Go through the data and copy each line that holds "Series".

*** PROVIDED RECORDS ***

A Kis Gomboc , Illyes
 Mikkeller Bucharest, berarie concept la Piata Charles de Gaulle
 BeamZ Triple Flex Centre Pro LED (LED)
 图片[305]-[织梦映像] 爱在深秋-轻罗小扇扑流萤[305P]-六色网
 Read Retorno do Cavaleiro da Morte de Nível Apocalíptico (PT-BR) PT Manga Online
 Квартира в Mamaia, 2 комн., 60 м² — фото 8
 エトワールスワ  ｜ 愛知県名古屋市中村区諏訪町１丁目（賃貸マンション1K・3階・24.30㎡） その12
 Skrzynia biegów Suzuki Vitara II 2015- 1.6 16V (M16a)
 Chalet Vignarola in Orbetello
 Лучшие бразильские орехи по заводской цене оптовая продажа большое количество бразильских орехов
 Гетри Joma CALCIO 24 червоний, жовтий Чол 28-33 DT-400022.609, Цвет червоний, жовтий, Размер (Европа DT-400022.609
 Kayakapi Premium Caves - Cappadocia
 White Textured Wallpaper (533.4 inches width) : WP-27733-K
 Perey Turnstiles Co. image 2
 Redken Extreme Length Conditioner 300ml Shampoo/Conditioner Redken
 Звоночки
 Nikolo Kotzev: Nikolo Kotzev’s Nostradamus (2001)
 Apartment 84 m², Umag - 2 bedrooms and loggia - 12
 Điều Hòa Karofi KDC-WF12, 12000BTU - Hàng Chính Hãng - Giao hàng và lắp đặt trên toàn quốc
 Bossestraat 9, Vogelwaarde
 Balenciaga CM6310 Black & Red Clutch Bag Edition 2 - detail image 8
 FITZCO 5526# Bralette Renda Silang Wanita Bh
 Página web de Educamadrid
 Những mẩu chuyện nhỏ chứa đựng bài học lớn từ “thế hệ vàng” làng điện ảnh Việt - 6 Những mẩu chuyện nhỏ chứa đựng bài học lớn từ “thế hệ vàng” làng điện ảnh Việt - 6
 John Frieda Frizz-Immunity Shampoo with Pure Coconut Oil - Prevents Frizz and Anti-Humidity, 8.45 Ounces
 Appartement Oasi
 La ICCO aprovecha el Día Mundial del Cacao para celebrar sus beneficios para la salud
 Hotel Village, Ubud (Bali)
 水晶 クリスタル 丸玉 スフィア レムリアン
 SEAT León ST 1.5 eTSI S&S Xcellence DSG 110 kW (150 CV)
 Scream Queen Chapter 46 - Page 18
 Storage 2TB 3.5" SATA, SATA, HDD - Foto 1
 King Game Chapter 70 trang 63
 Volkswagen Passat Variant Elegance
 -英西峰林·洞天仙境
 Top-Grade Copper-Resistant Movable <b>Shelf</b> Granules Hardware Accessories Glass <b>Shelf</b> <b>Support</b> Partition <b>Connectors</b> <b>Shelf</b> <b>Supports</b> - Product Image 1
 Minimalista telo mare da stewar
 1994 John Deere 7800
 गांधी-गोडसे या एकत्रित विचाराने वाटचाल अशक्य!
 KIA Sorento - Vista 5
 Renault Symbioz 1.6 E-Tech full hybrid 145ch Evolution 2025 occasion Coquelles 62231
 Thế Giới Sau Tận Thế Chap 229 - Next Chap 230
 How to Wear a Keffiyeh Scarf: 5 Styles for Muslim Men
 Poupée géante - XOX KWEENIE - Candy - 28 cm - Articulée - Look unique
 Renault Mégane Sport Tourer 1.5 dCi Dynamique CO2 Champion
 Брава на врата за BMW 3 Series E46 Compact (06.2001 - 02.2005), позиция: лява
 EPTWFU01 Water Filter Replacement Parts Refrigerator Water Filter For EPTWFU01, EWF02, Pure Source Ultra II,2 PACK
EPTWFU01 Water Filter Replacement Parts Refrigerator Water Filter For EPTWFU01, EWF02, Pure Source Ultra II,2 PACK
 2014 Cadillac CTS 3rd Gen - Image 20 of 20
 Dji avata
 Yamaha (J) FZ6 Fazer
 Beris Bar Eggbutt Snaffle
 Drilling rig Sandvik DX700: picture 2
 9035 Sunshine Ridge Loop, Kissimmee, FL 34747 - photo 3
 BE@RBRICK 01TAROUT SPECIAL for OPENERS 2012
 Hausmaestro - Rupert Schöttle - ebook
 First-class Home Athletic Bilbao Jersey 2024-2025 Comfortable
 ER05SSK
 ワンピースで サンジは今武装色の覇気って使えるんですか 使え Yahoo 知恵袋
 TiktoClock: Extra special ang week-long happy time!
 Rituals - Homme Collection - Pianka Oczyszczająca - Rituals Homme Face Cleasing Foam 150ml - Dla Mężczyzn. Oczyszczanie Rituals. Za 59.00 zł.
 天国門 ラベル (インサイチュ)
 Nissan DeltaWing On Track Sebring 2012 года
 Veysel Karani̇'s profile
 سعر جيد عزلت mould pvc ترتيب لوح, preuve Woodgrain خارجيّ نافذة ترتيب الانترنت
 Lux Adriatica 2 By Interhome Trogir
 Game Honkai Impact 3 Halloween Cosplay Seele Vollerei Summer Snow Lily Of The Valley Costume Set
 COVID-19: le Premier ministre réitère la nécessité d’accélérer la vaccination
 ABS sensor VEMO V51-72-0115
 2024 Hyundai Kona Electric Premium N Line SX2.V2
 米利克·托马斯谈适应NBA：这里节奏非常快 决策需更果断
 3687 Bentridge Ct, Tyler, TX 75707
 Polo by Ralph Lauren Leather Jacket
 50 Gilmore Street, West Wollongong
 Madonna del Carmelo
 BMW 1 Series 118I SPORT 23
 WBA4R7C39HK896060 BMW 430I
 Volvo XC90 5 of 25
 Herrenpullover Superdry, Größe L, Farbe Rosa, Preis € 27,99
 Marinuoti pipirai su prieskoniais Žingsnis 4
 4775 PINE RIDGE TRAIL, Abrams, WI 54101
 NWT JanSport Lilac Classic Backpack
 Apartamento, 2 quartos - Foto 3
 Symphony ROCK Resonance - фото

***

FINAL ANSWER -
 Брава на врата за BMW 3 Series E46 Compact (06.2001 - 02.2005), позиция: лява
 BMW 1 Series 118I SPORT 23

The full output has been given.